[Opening SOURCE DATA section]

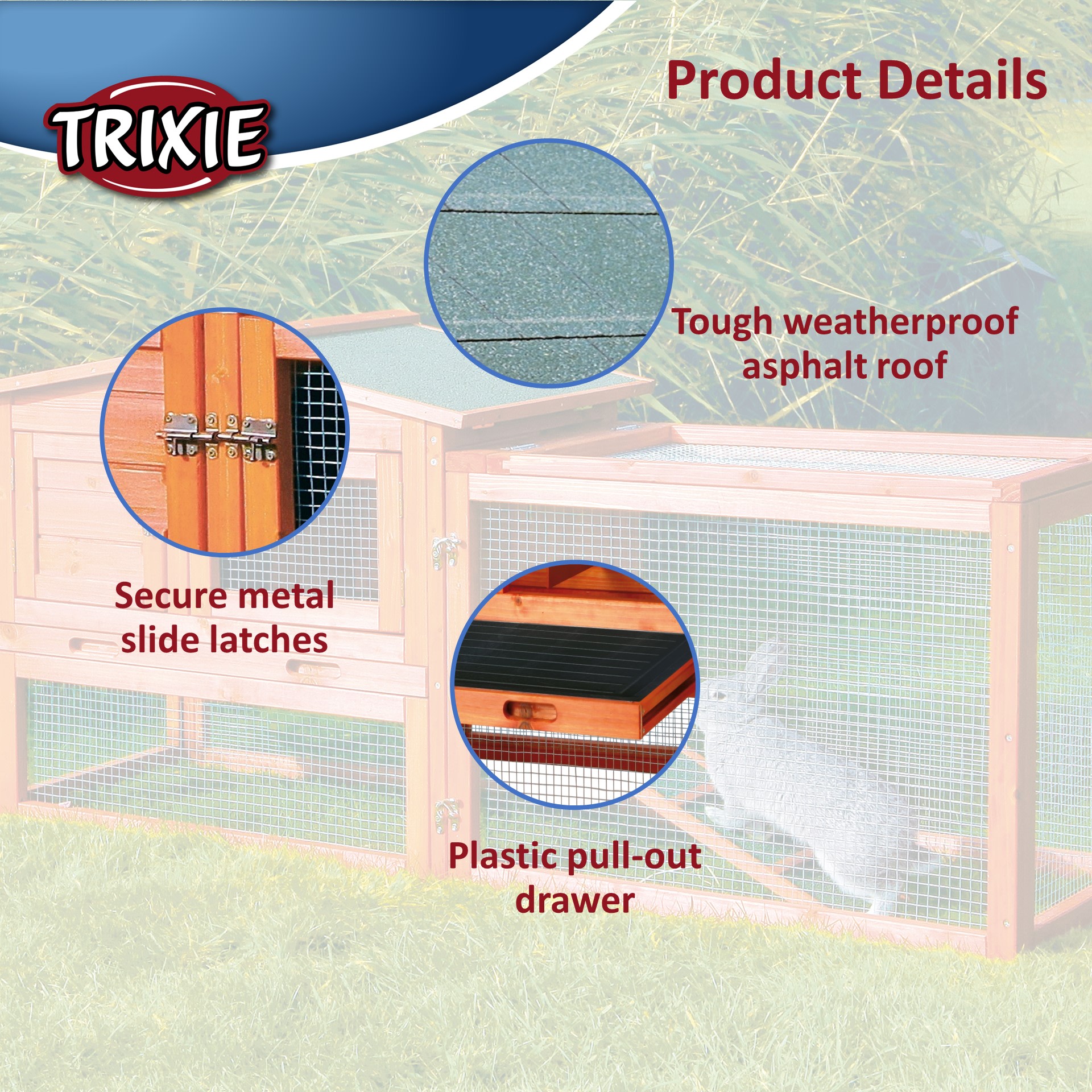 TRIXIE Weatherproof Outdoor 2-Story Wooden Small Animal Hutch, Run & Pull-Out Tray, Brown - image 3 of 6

[Closing SOURCE DATA section]
[Opening SOURCE DATA section]

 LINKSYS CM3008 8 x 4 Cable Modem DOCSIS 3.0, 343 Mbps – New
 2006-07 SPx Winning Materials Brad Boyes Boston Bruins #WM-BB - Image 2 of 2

[Closing SOURCE DATA section]
[Opening SOURCE DATA section]

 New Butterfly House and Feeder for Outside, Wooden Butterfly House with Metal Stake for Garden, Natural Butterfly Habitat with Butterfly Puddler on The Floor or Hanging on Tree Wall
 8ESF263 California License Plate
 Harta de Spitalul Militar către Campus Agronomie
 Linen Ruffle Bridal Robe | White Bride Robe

[Closing SOURCE DATA section]

ABOUT THIS TASK:
All lines above between those holding "New Butterfly House" and "Linen Ruffle Bridal Robe | White Bride Robe", inclusive, must be set down unchanged, and no other line may be included.

ANSWER TO THIS EXERCISE:
 New Butterfly House and Feeder for Outside, Wooden Butterfly House with Metal Stake for Garden, Natural Butterfly Habitat with Butterfly Puddler on The Floor or Hanging on Tree Wall
 8ESF263 California License Plate
 Harta de Spitalul Militar către Campus Agronomie
 Linen Ruffle Bridal Robe | White Bride Robe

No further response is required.